**Directions for this task**: Set the listing down unchanged, minus every embedded image.

──────── Supplied material ────────

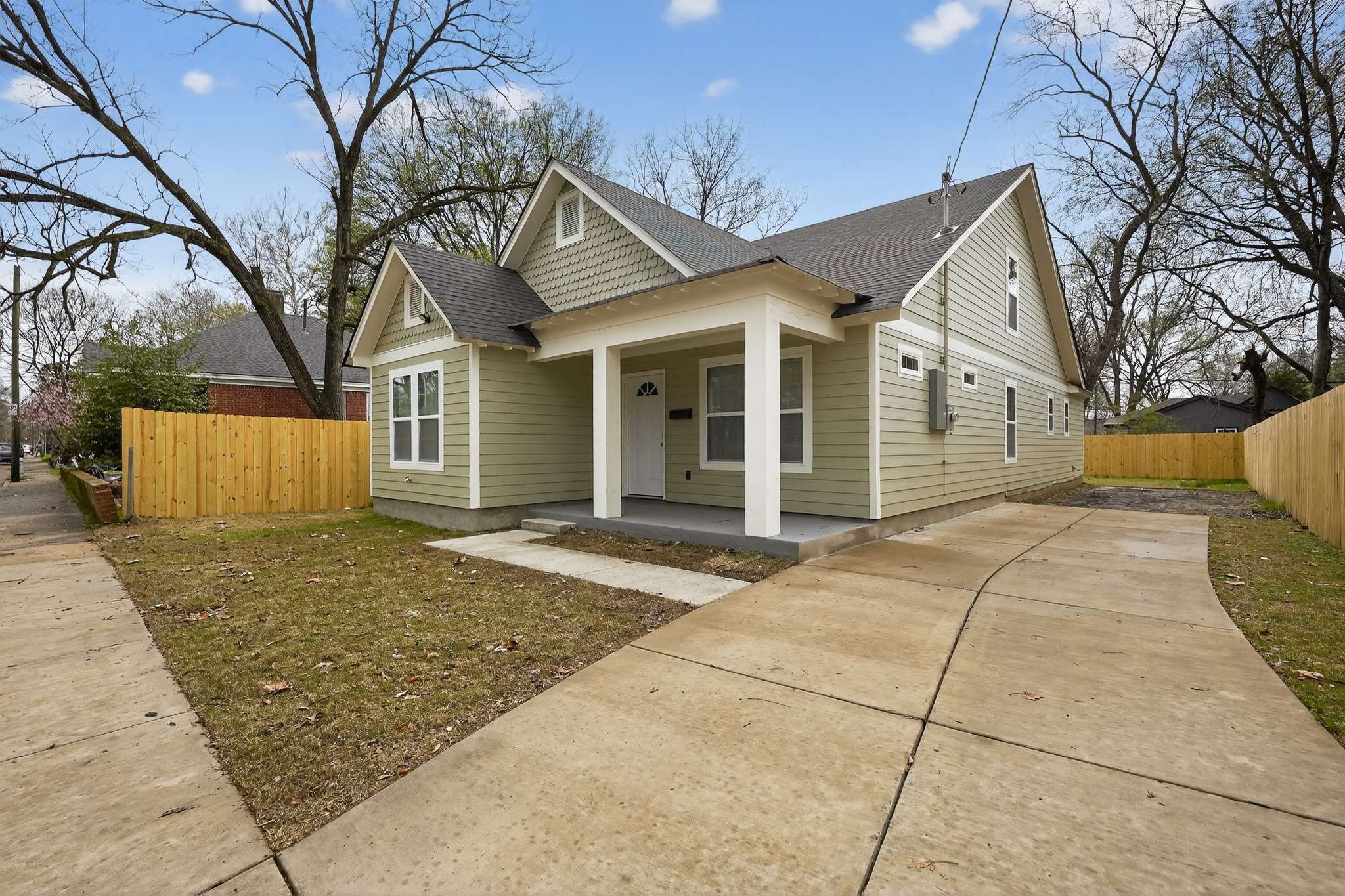 1750 Felix Ave, Memphis, TN 38114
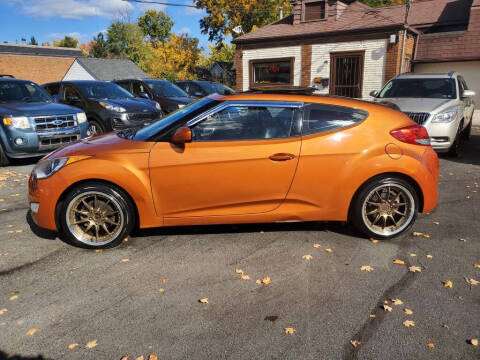 2016 Hyundai Veloster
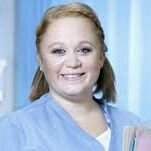 Band 6 nurse at holby city emergency department with 2 lovely kids and married to @frankydoyle8 she is lovely and i will never leave her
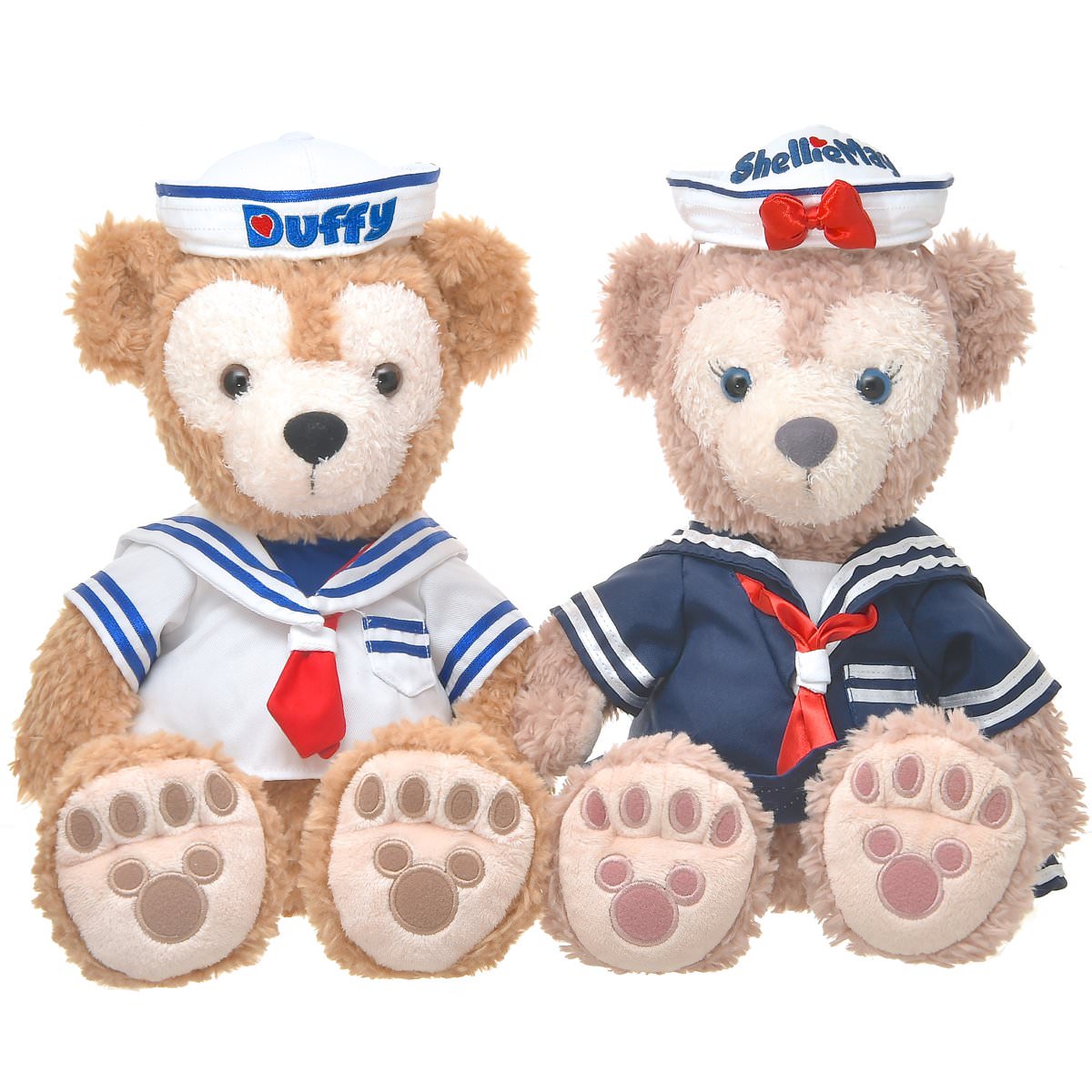 セーラーコスチュームがかわいい！香港ディズニーランド・パーク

────────

**Answer section**:
 1750 Felix Ave, Memphis, TN 38114
 2016 Hyundai Veloster
 Band 6 nurse at holby city emergency department with 2 lovely kids and married to @frankydoyle8 she is lovely and i will never leave her
 セーラーコスチュームがかわいい！香港ディズニーランド・パーク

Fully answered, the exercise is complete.